··· Exercise materials ···

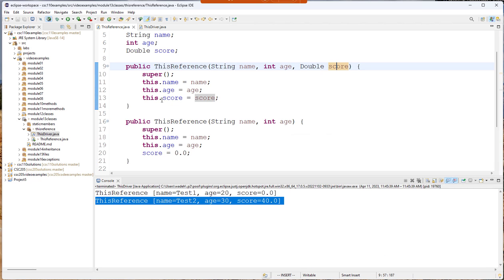Ultimately this is there for when you need to fix a situation where you have a shadowed name with a variable. When we talk about inheritance there'll be an example where I do a longer demonstration of the difference between this and super.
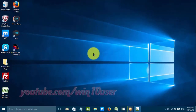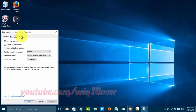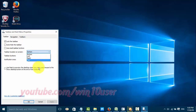To move the taskbar to the bottom, left, right, or top of the screen in Windows 10, right-click an empty area in the taskbar and then click Properties. Under the Taskbar tab, find 'Taskbar location on screen' and change it to where you want the taskbar to be positioned.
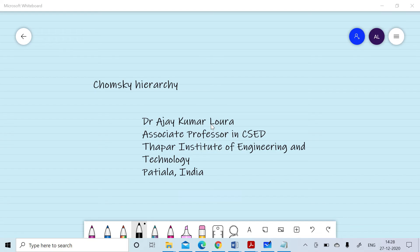In this session we will discuss the hierarchy described by Chomsky. The Chomsky hierarchy describes the relationship between different types of machines known as DFA, NFA, deterministic PDA, non-deterministic PDA, linear bounded automata, and Turing machine, and various types of grammars.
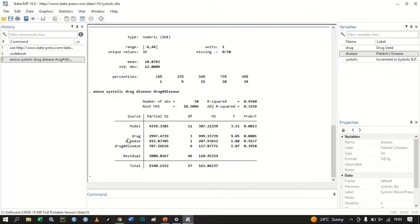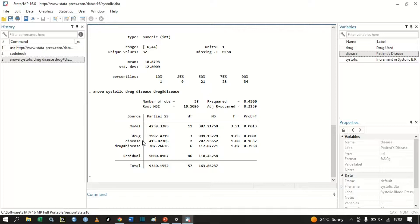Under disease — we have three diseases — the F value is 1.88 and the p-value is 0.1637. Since 0.1637 is greater than 0.05, we fail to reject the null hypothesis. We conclude that the difference in mean increment in systolic blood pressure across the three disease groups is equal to zero.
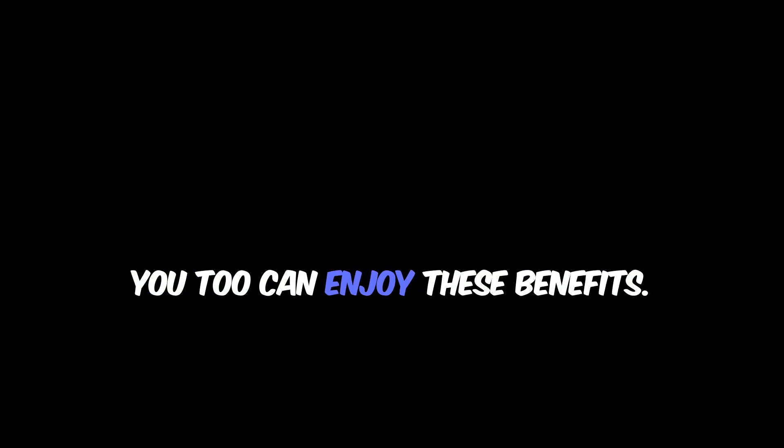You can keep all your appliances running: lights, fridge, phone chargers, whatever you need, even when the grid goes down. Click on the button below to see how you too can enjoy these benefits.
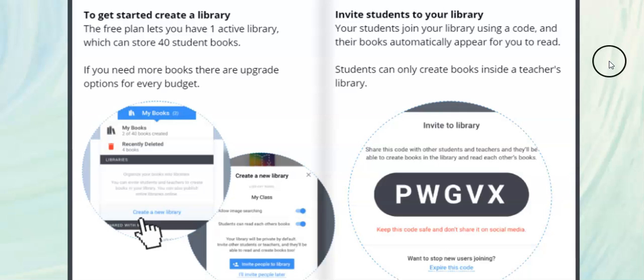Teachers need to go to app.bookcreator.com to get started. You can have a library with up to 40 books for free. You share your library code with your students and then everyone is ready to create a book.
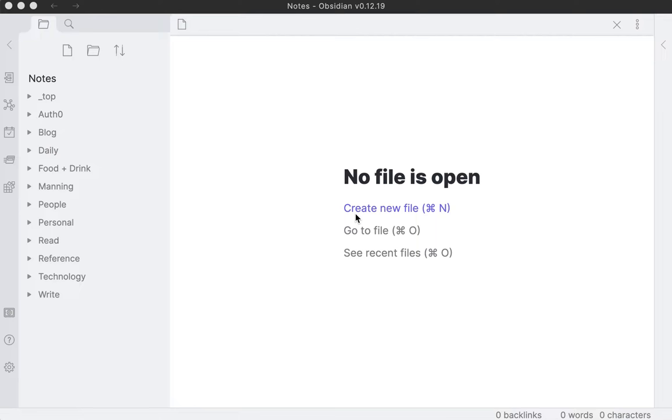This is a companion video to a post at joshcanhelp.com/notes, and this is how I use the note-taking app Obsidian. Some of the context will be in that post along with how I came to start using this after about 15 years of writing notes, but I want to show off some of the features and how I use it. It's probably easier to show than write all of it out.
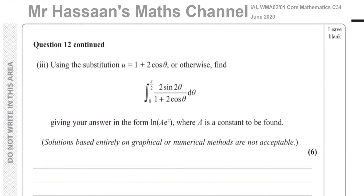Welcome back. This is Mr. Hassan's Maths Channel. I'm now answering question 12 part 3 from the October/June 2020 paper. The June session was cancelled that year due to COVID and they gave the same paper in October. Question 12 parts 1 and 2 I saved in a separate video because they're more related to P3, and this question here is more related to P4.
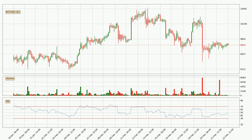Jumping to the 3-hourly relative strength index, the current 3-hourly RSI is at 46, so it doesn't show signs of overbought or oversold conditions at this point.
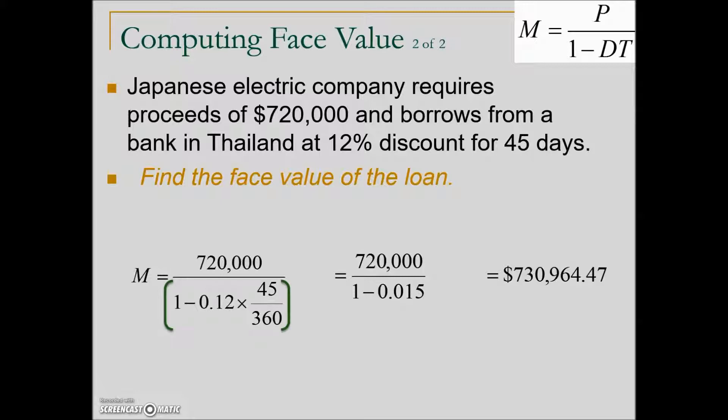Again, in this problem you can put parentheses around the quantity in the denominator to perform this calculation in one step.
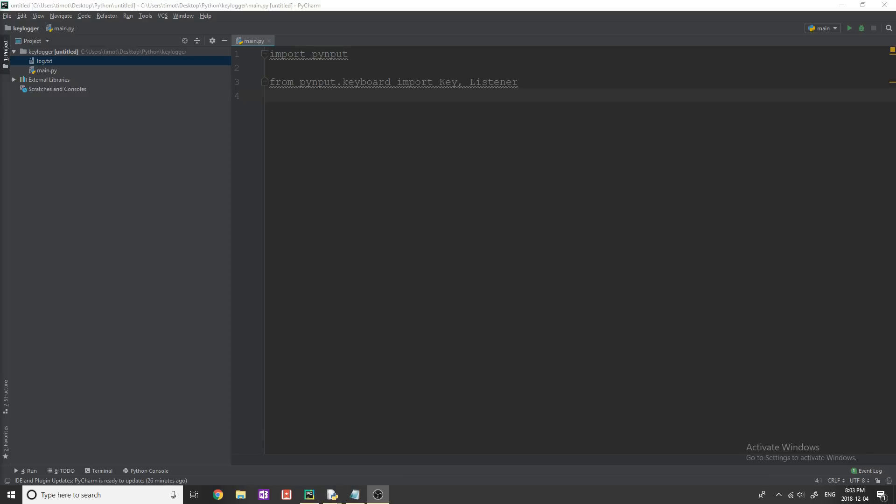Now the module that we're going to be using for this is PyInput. You can see right here, this is what it's called. It is a third-party module not included with the default installation of Python, which means our first step in this video is going to be installing PyInput.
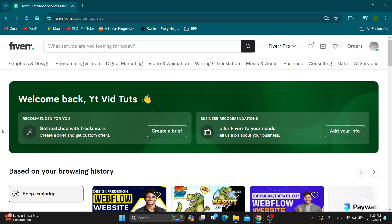The first thing you want to do is go ahead and open up the official Fiverr website at fiverr.com if you haven't already, and after opening it up we want to log into our account.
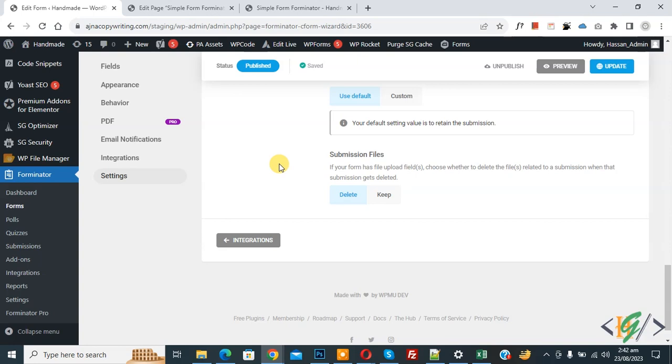In this way, you can create a simple form using the Forminator plugin. I hope you like this video. Please like, comment, share, and subscribe. Thank you for watching.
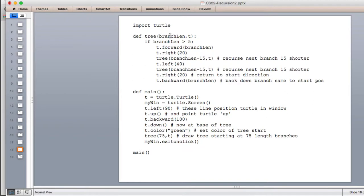Here's the tree method. The branch length is how long the first branch is, along with the turtle object. This is a recursive definition, so there's a base case. As we draw trees, we're drawing smaller and smaller trees. When the branch length gets too small, that's the base case where we stop drawing. If the branch length is greater than 5, we draw something; otherwise we just return. So if branch length is greater than 5, it moves forward the branch length — drawing the branch going straight up — then turns right 20 degrees and draws a tree with branch length 15 less, so it gets shorter, drawing a smaller tree off to the right.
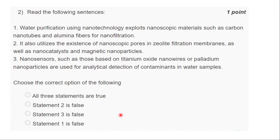Which of the following is correct? Option A — all three statements are true; option B — statement two is false; option C — statement three is false; option D — statement one is false. Students, try to answer — read the statements carefully and choose the correct option. This falls under the area of water purification using nanotechnology. It's okay if your answer is wrong — this is a practice problem session and your marks are not counted.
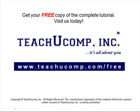Get your free copy of the complete tutorial at www.teachucomp.com/free.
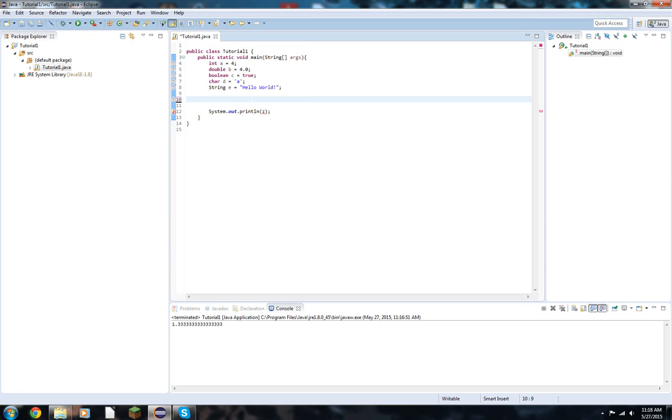Then we have subtraction. Same exact thing. Multiplication. Multiplication is also the same principle. The only thing that's really weird is division. Then we have some other fun operations, such as plus plus and minus minus.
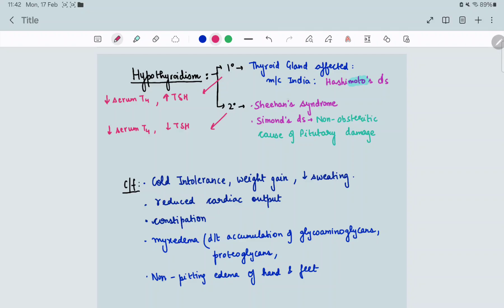In primary hypothyroidism, the most common cause is Hashimoto's disease. In secondary hypothyroidism, the pituitary gland is affected — for example in Sheehan's syndrome or Simon's disease, which is a non-obstetric cause of pituitary damage. In primary: T4 decreases, TSH increases. In secondary: TSH decreases, so T4 also decreases.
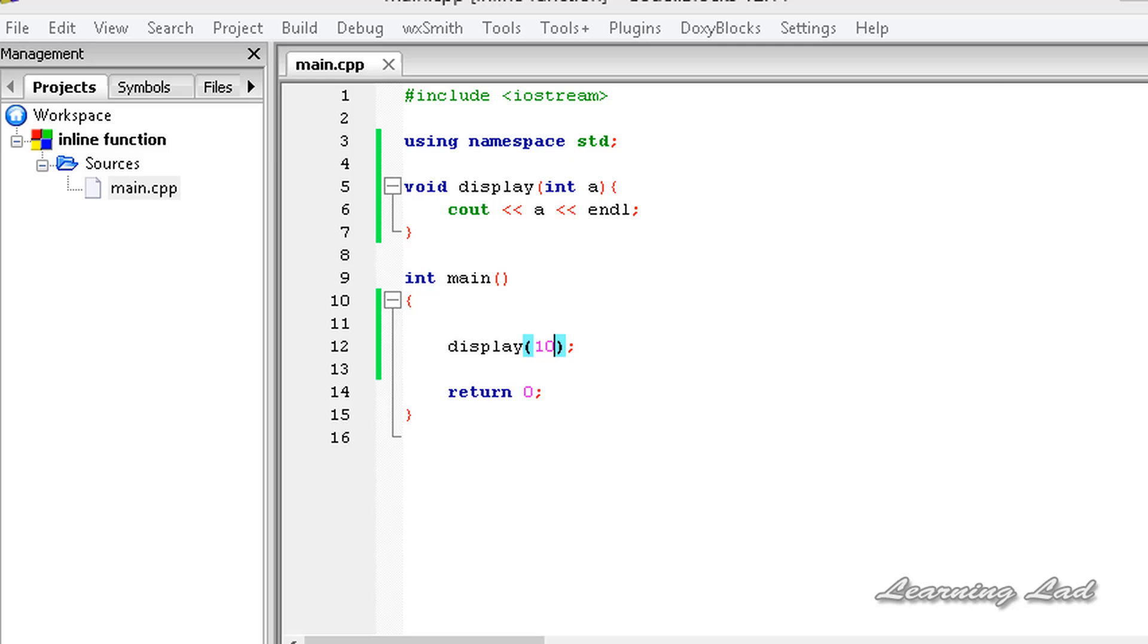Hi, this is Anil and welcome to the video tutorial for the learning lad on C++ programming. In this tutorial we are going to be learning something called an inline function in C++.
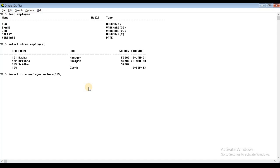Next is the job column. For the job, we do not know the value, so in that place we will use the explicit method and pass NULL. Then we enter the salary — $35,000. Next is the hire date — Hyderabad. We will insert the record. If you want to insert the record, execute the statement and then select the values to verify.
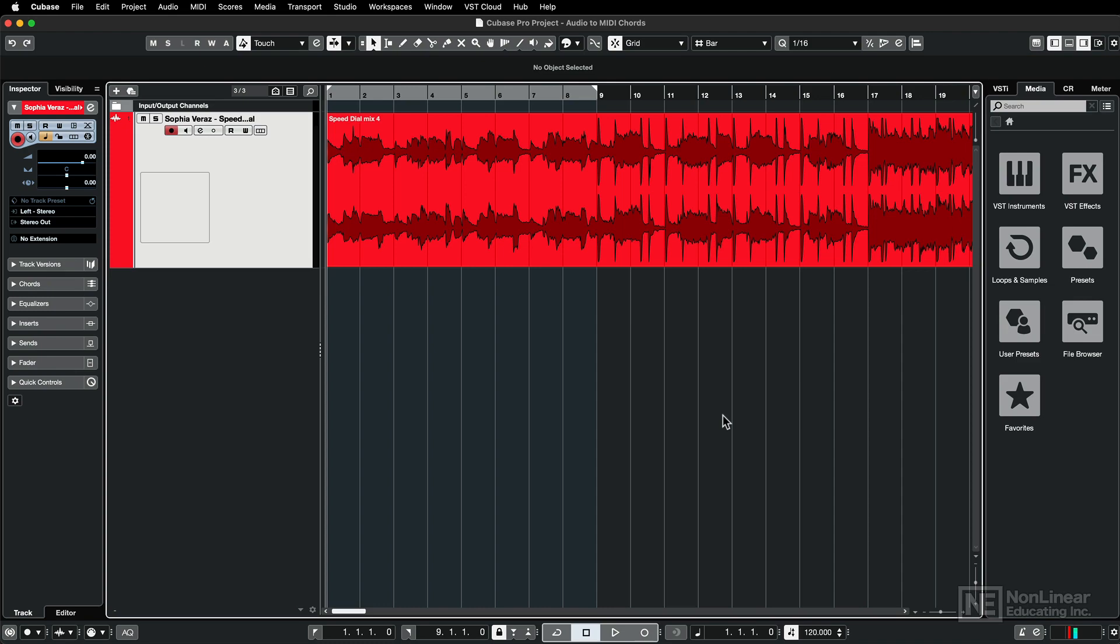This new feature is available in Cubase Pro, Artist, and Elements. So I have an audio track here with a full mastered version of Speed Dial by Sofia Verraz.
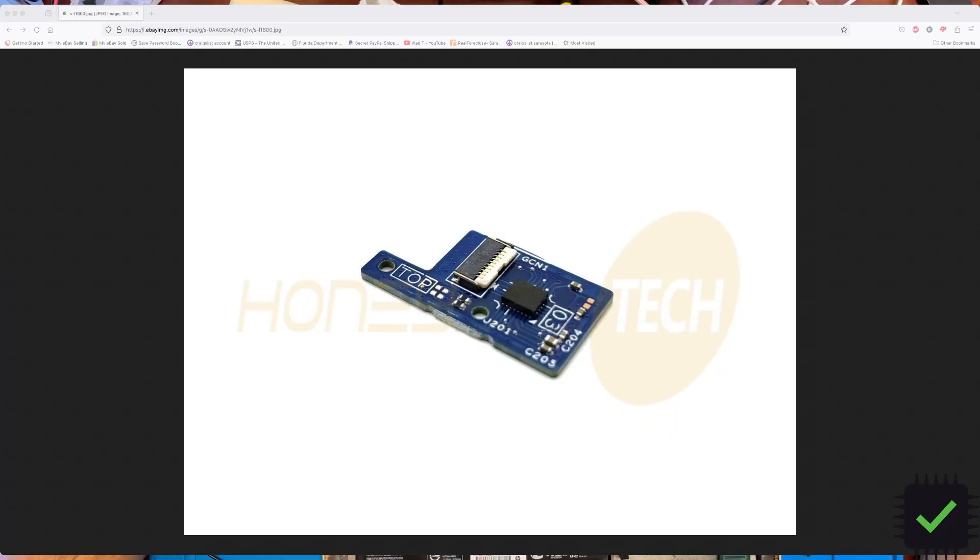This is how it looks—it's a little board that sits inside the LCD housing.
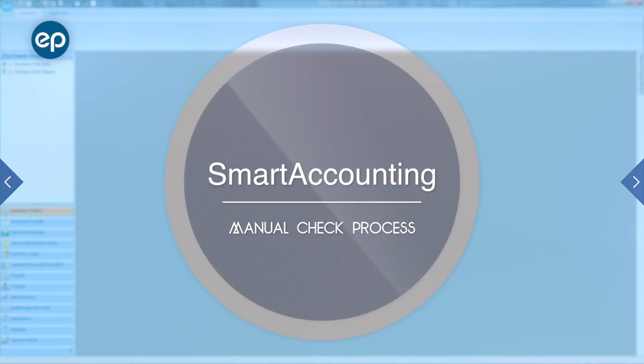Welcome to Smart Accounting. Today we'll be going over how to enter a manual check in the Smart Accounting system.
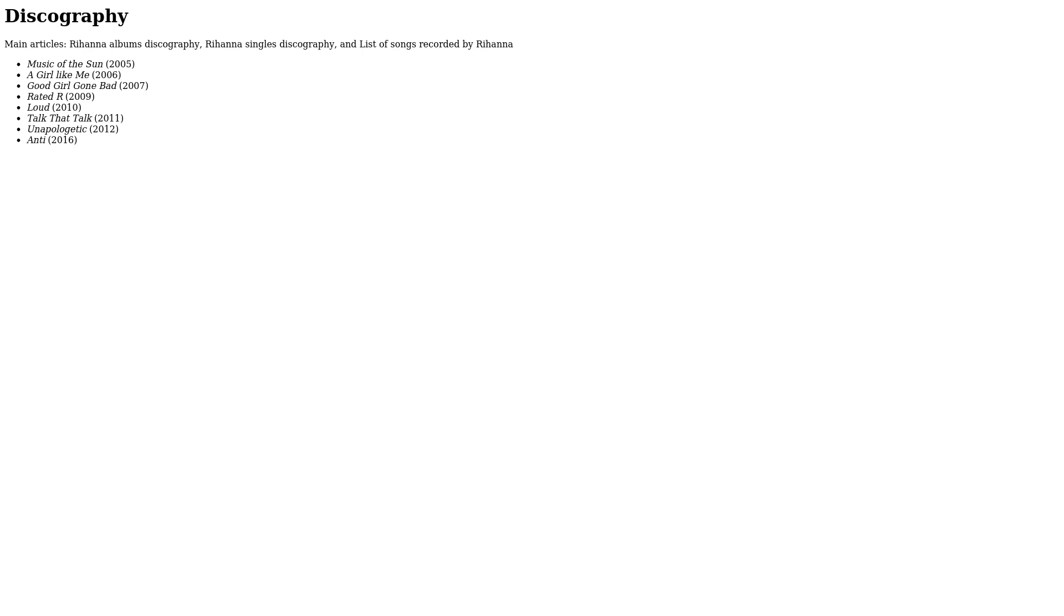Discography. Main articles: Rihanna albums discography, Rihanna singles discography, and List of songs recorded by Rihanna. Music of the Sun (2005), A Girl Like Me (2006), Good Girl Gone Bad (2007), Rated R (2009), Loud (2010), Talk That Talk (2011), Unapologetic (2012), Anti (2016).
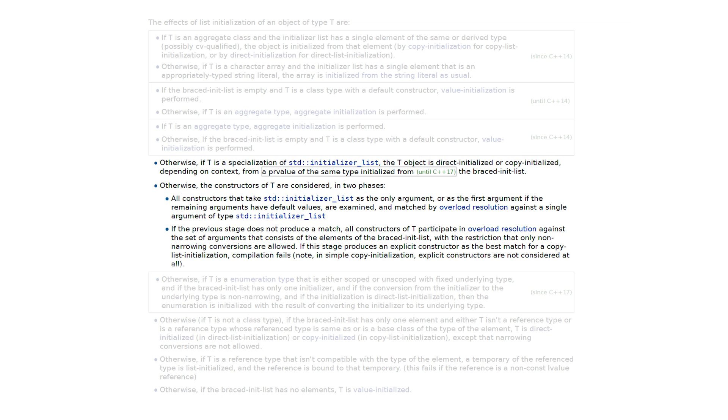Well, at least in theory. In practice, however, adding initializer lists to the mix made it all quite dangerous.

···

*Requirement*
Starting with the first line of the data above and ending with the line containing "In this session", please restate every line exactly, leaving images out.

*Response to the task*
Ultimately this is there for when you need to fix a situation where you have a shadowed name with a variable. When we talk about inheritance there'll be an example where I do a longer demonstration of the difference between this and super.
To move the taskbar to the bottom, left, right, or top of the screen in Windows 10, right-click an empty area in the taskbar and then click Properties. Under the Taskbar tab, find 'Taskbar location on screen' and change it to where you want the taskbar to be positioned.
In this session we will discuss the hierarchy described by Chomsky. The Chomsky hierarchy describes the relationship between different types of machines known as DFA, NFA, deterministic PDA, non-deterministic PDA, linear bounded automata, and Turing machine, and various types of grammars.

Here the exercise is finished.